Task objective: Everything below from the line with "Picture of UGREEN" through the line with "IR Spectrum Analysis" must be retyped exactly, except the pictures.

=======

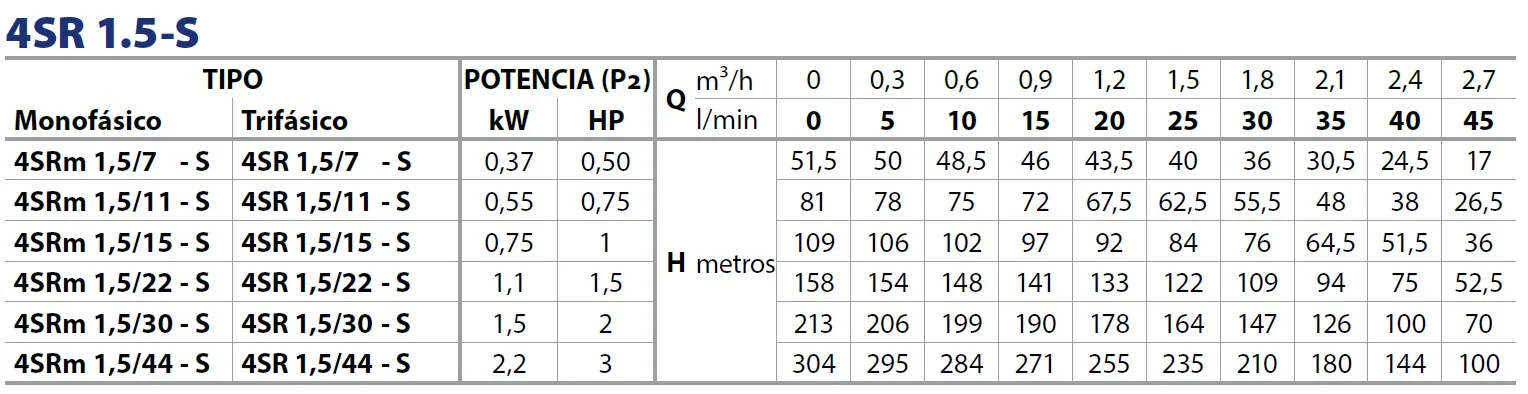 Tabla rendimiento 4SR 1,5 S Pedrollo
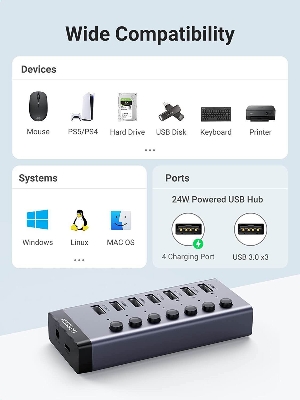 Picture of UGREEN CM481 USB-C to 7-Port USB-A 3.0 Hub DC 12V EU, Compliance with BC 1.2 fast charging protocol - Black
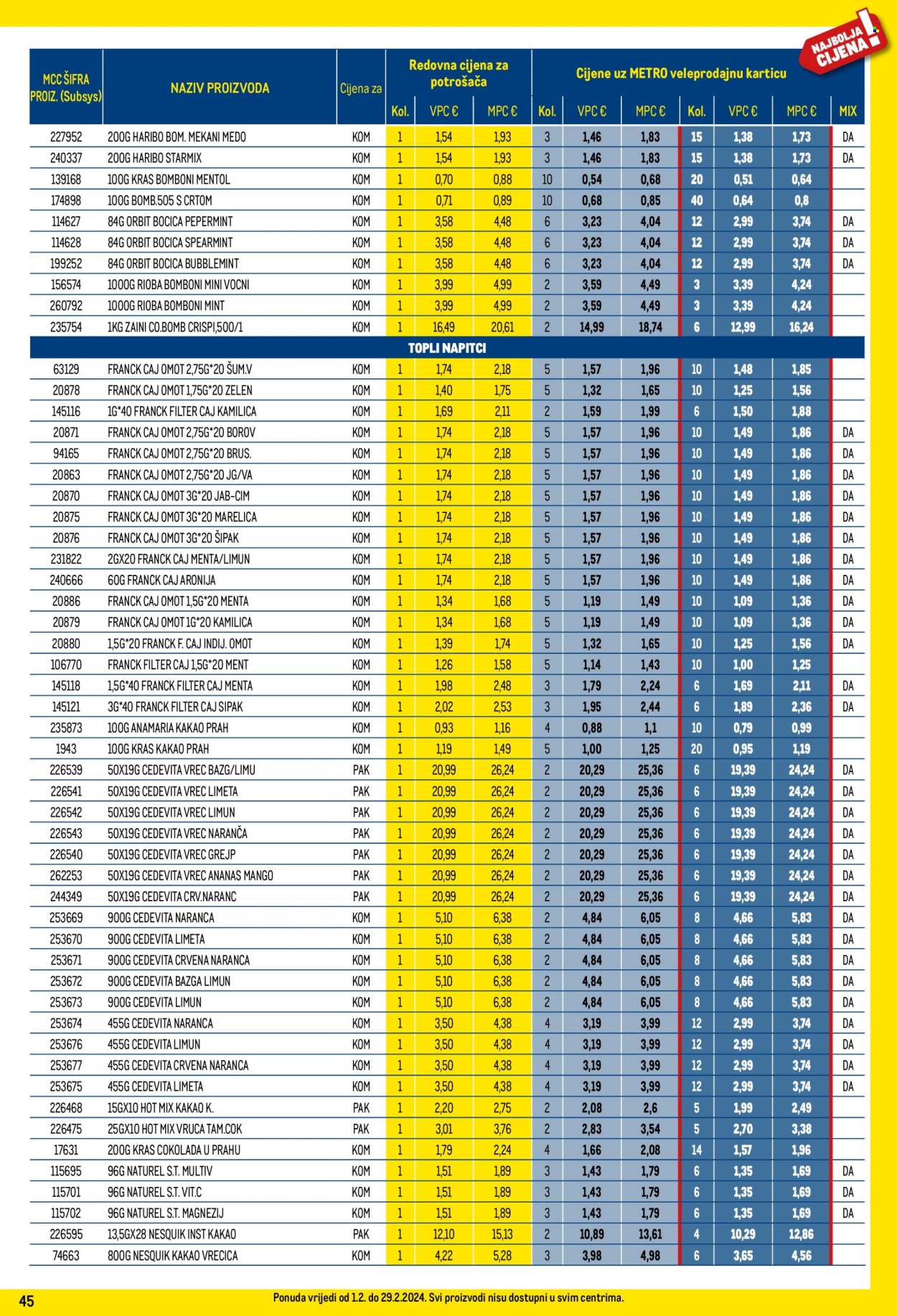 Metro katalog - 01.02.2024. - 29.02.2024. Stranica 45
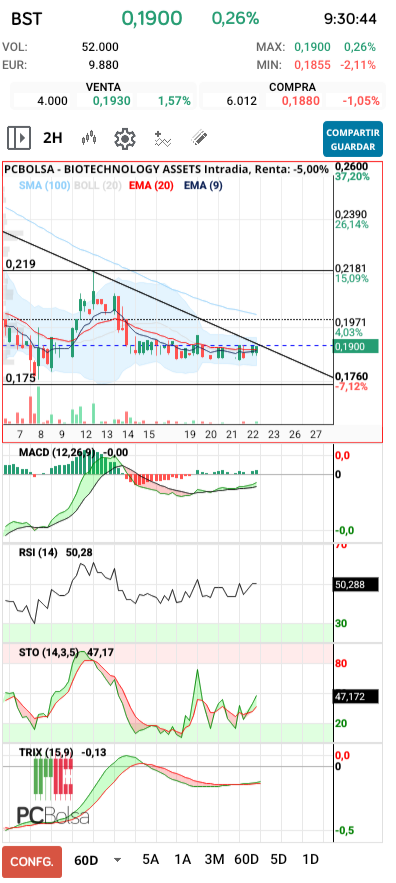grafico de la accion BIOTECHNOLOGY ASSETS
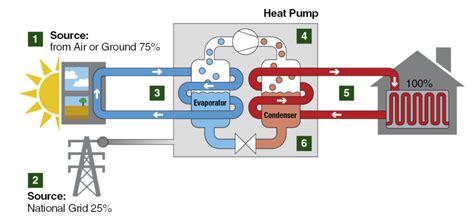 How Does A Heat Pump Work Linquip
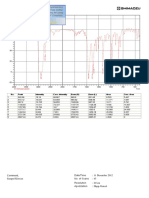 IR Spectrum Analysis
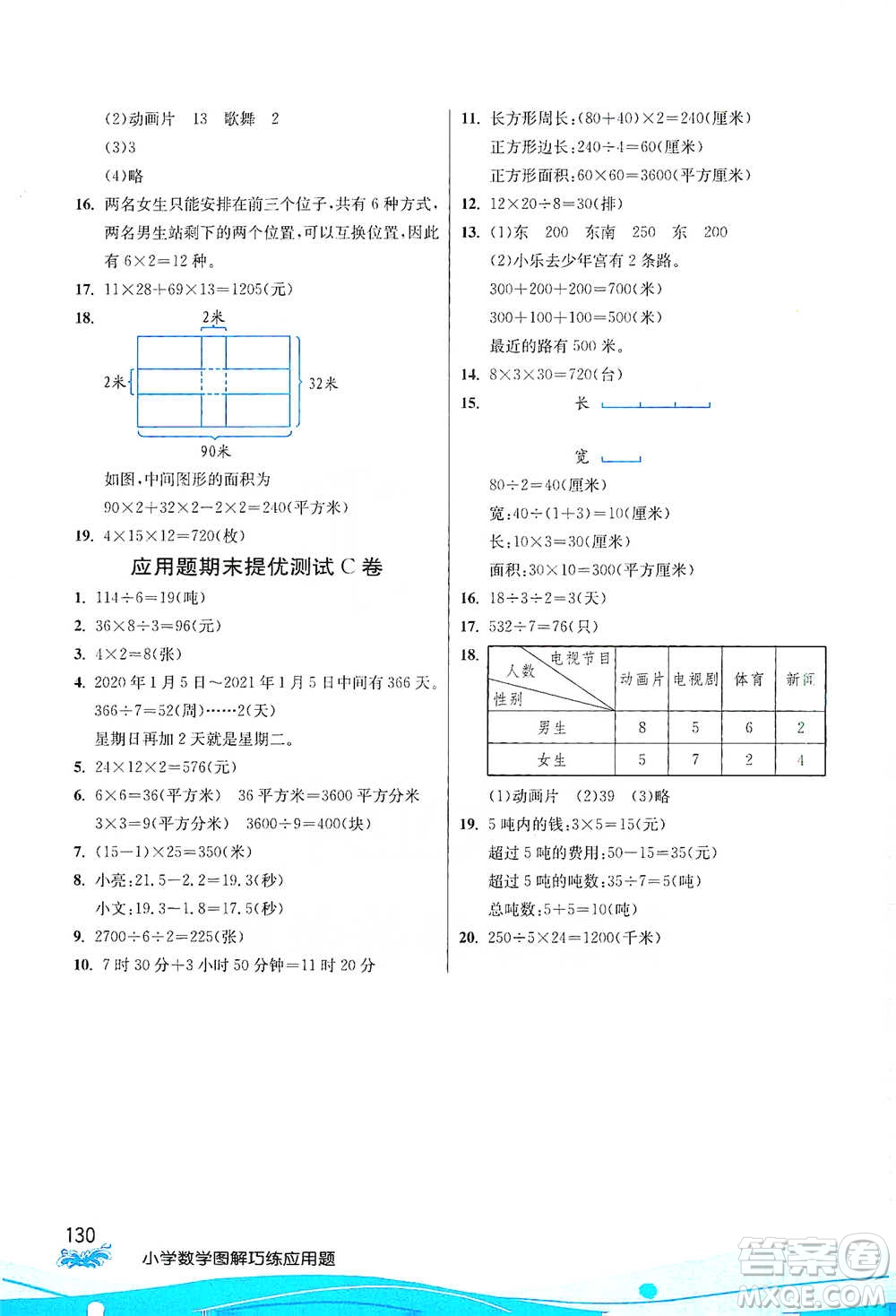 江蘇人民出版社2021小學(xué)數(shù)學(xué)圖解巧練應(yīng)用題三年級下冊人教版參考答案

=======

Your solution:
 Picture of UGREEN CM481 USB-C to 7-Port USB-A 3.0 Hub DC 12V EU, Compliance with BC 1.2 fast charging protocol - Black
 Metro katalog - 01.02.2024. - 29.02.2024. Stranica 45
grafico de la accion BIOTECHNOLOGY ASSETS
 How Does A Heat Pump Work Linquip
 IR Spectrum Analysis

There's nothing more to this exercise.